What is happen? I work with this feature and now I need to change the phone!
-
ACLog.dll missing killing Cisco Anyconnect Secure Mobiltiy customer
I use 'Cisco AnyConnect Secure Mobility Client' on Windows 7 for a year now with no problems.
All started yesterday when I try to connect I get this error message:dialog title: vpnui.exe - system error
message: "the program can't start because aclog.dll is missing on your computer. Try reinstalling the program to fix this problem. »
So, of course, I tried to reinstall, but without success.
I keep reading that aclog.dll is a windows system dll.
No idea how to solve this problem?I installed Visual Studio SP1 of 2015, the other day and it looked like there were a few errors in the final dialog box. Would he have the issue?
Hello
Thank you for visiting Microsoft Community and we provide a detailed description of the issue.
I suggest you to send your request in the TechNet forums to get the problem resolved.
Please visit the link below to send your query in the TechNet forums:
https://social.technet.Microsoft.com/forums/en-us/home?category=WindowsServer
Hope this information is useful. Please come back to write to us if you need more help, we will be happy to help you.
Maybe you are looking for
-
A60-302: problems with Win XP SP2 update
I have Win XP Home OEM and installed SP2. Since then, the desktop icons are refreshed terribly slowly (for example at startup). Sometimes it takes 2-3 seconds for a simple icon appears in place of his general "icon". I'm just interested in other expe
-
External USB HARD drive Stor.E basics Sleep Mode
Hi allRecently, I bought Stor.E Basics 500 GB USB 3.0 external hard drive to store my archives of work (mainly the .docx and .xls formats).During my work after maybe 5 or 10 minutes, my drive HARD past in mode "sleep" and it takes time to wake up my
-
Extension of love at first sight. Will it work?

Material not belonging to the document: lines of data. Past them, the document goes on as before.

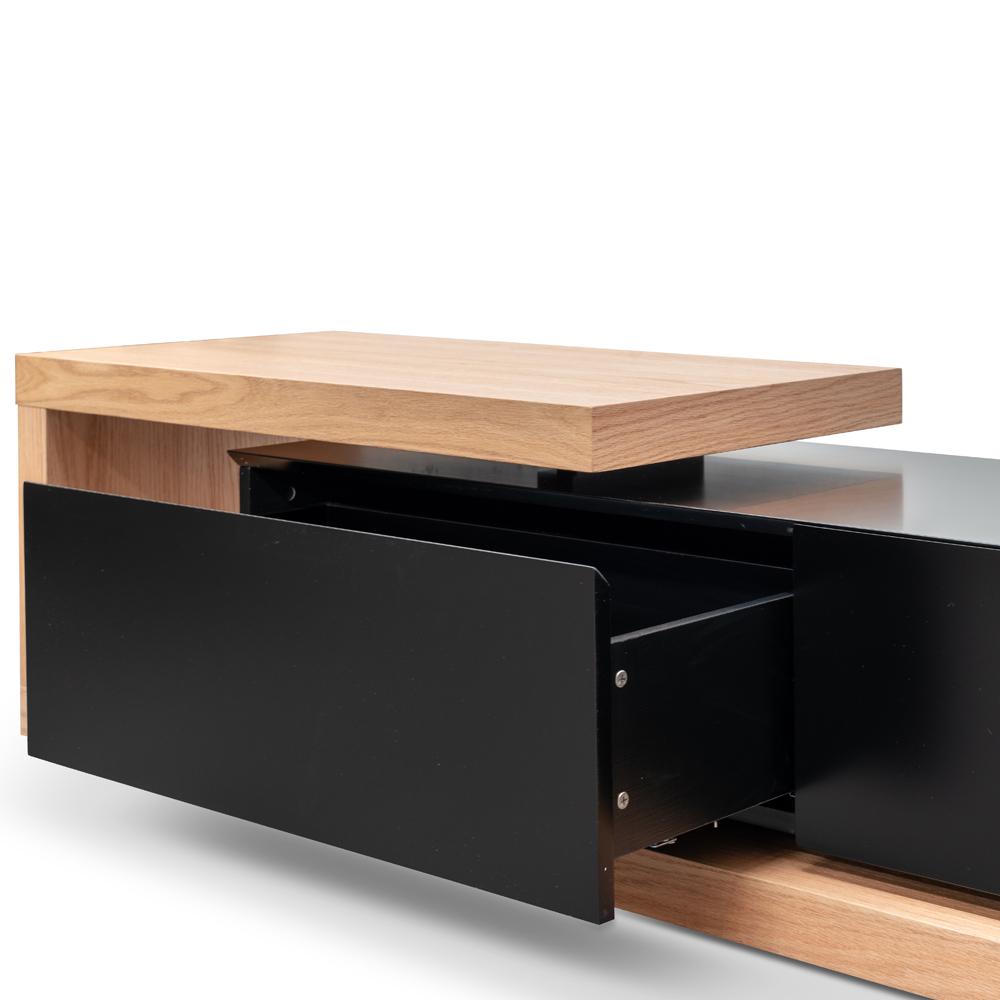 2.4m TV Entertainment Unit - Natural Oak - Black Matte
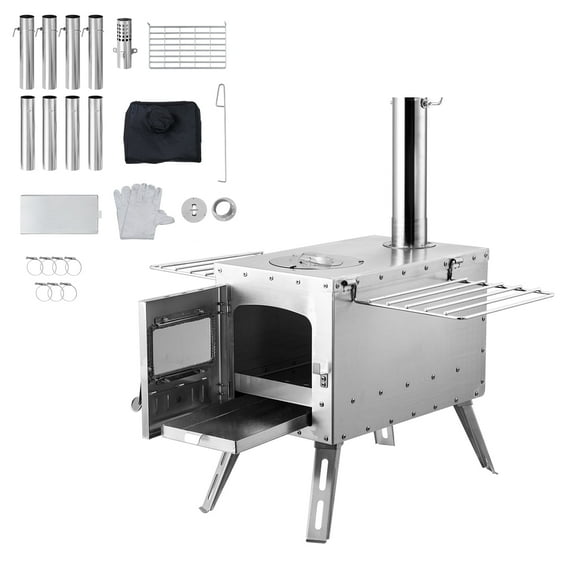 VEVOR Portable Wood Stove Camping Tent Stove Outdoor – 1646in, 54 lbs, Red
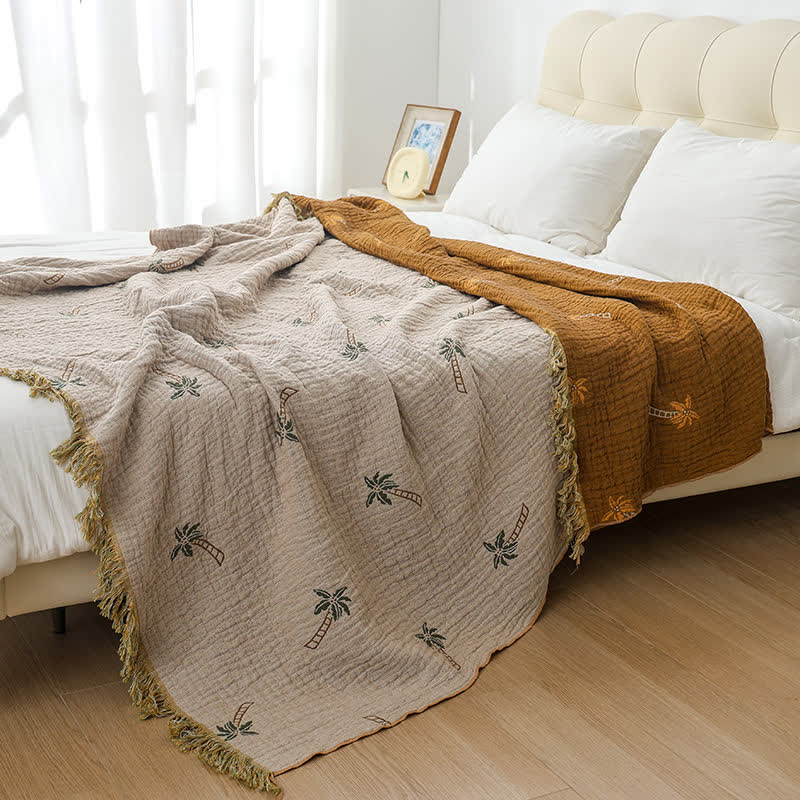 Coconut Palm Cotton Gauze Sofa Blanket
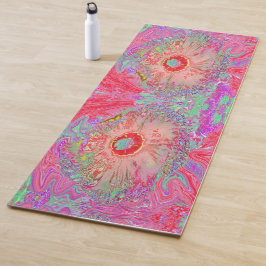 Psychedelic Retro Coral Rainbow Hibiscus ヨガマット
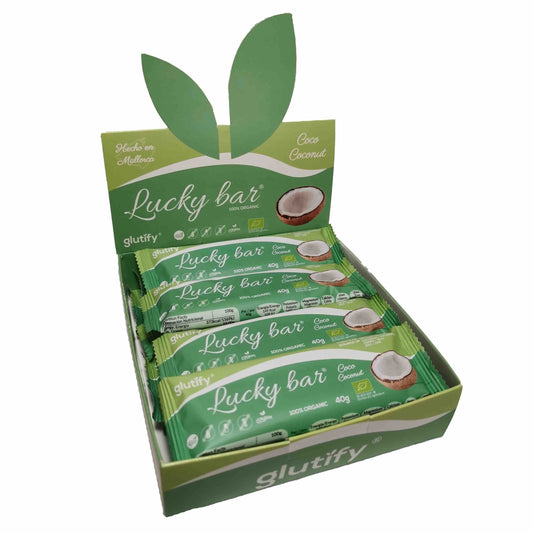 glutify Lucky Bar Kokos Box mit 12 Riegeln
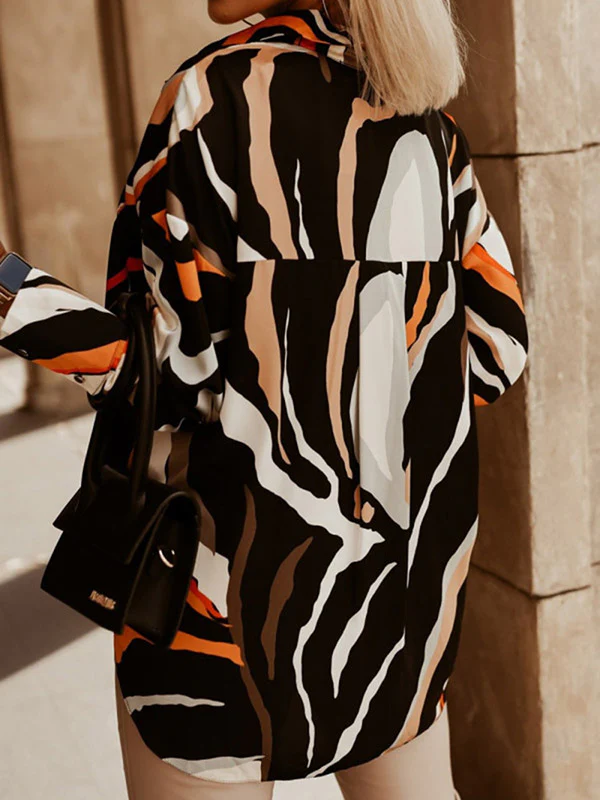 Long Sleeves Loose Buttoned Printed Lapel Blouses&Shirts Tops - Image 3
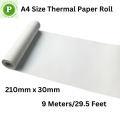 1 Roll A4 White Blank Thermal Printing Paper Roll 210mm x 30mm(8.3*12in) For Brother PAR411,, Peri Page A4 Portable Printer, Wireless Thermal Printer 210mm Photo Thermal Printer USB & BT with  Long Lasting for 10 Years. 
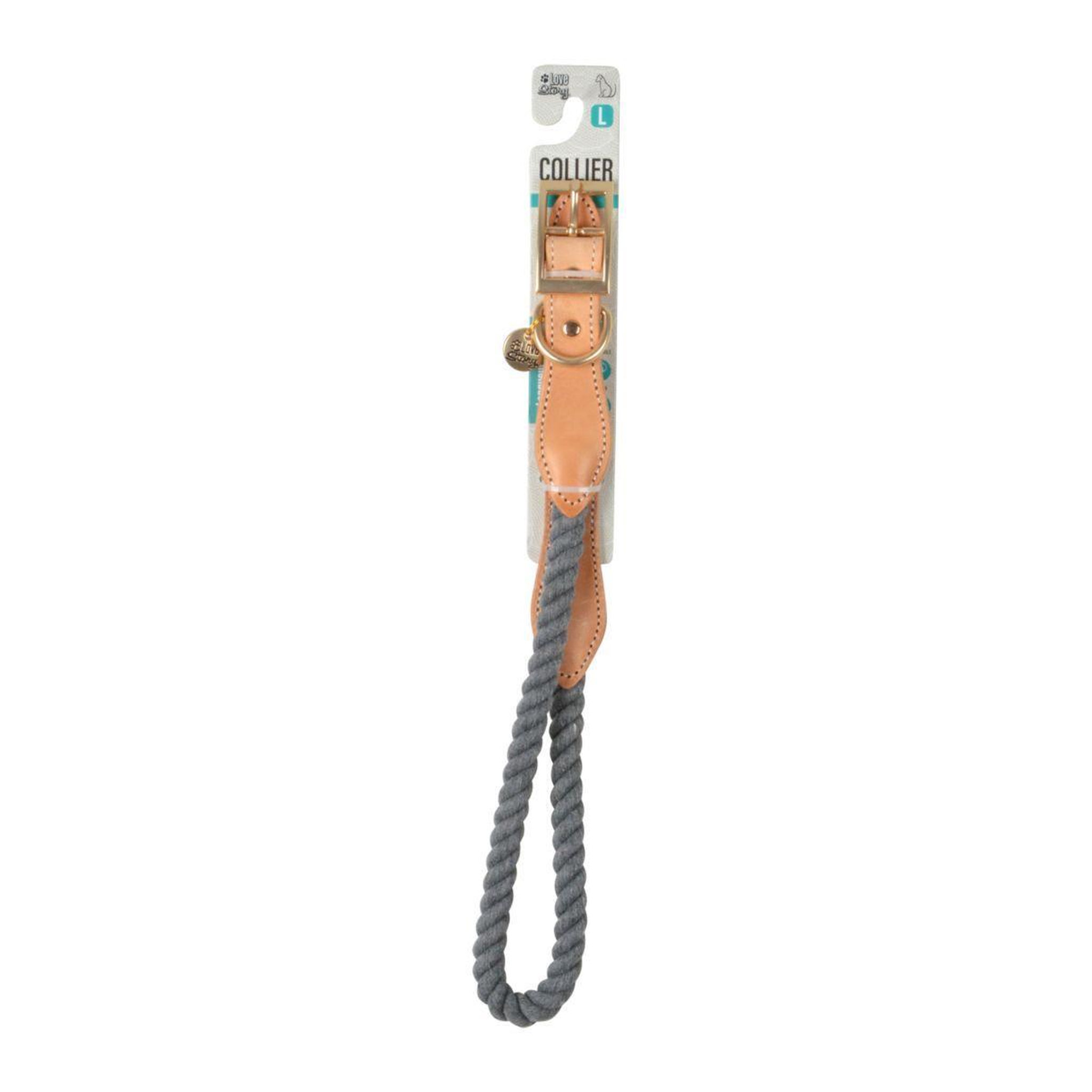 Voir la diapositive 4 : LOVE STORY Collier pour chien réglable  city  70cm anthracite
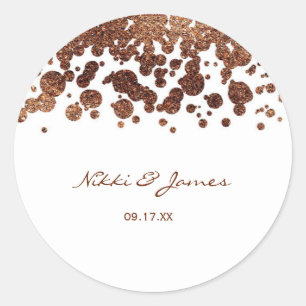 Sticker Rond Bronze et blanc Confetti Dots Glamor Shimmer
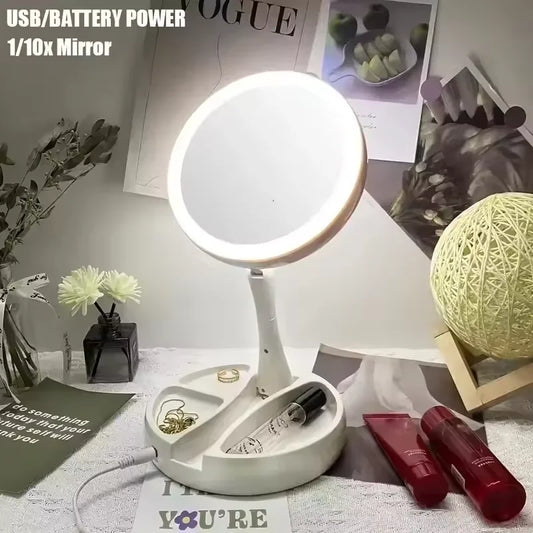 1x 10x Magnifying Vanity Mirror Led Lighted Flexible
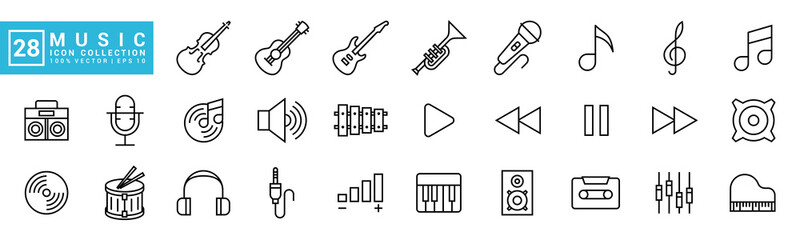 Collection of music icons, musical instruments, notes, rhythms, vector template editable and resizable EPS 10.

The thunderbolt attached my Thunderbolt display cable is about a foot short of my Mac Pro. I see where it is is an extension of 1 meter (man/woman), available per person interposed. This will affect working on FCP X on my screen? Thank you. See you s
-
error code 646 while that convert videos using real player converter
How can I fix my computer? When I try to convert videos using the RealPlayer converter, it displays an error 646 code, what can I do?
-
Sent email in Windows Live mail folder
All the Mall in my sent folder disappeared. I found it by searching and it is located in a folder. I what to know how to get it back in my windows live mail. Please keep it simple" Paul B Marrone E-mail address is removed from the privacy *.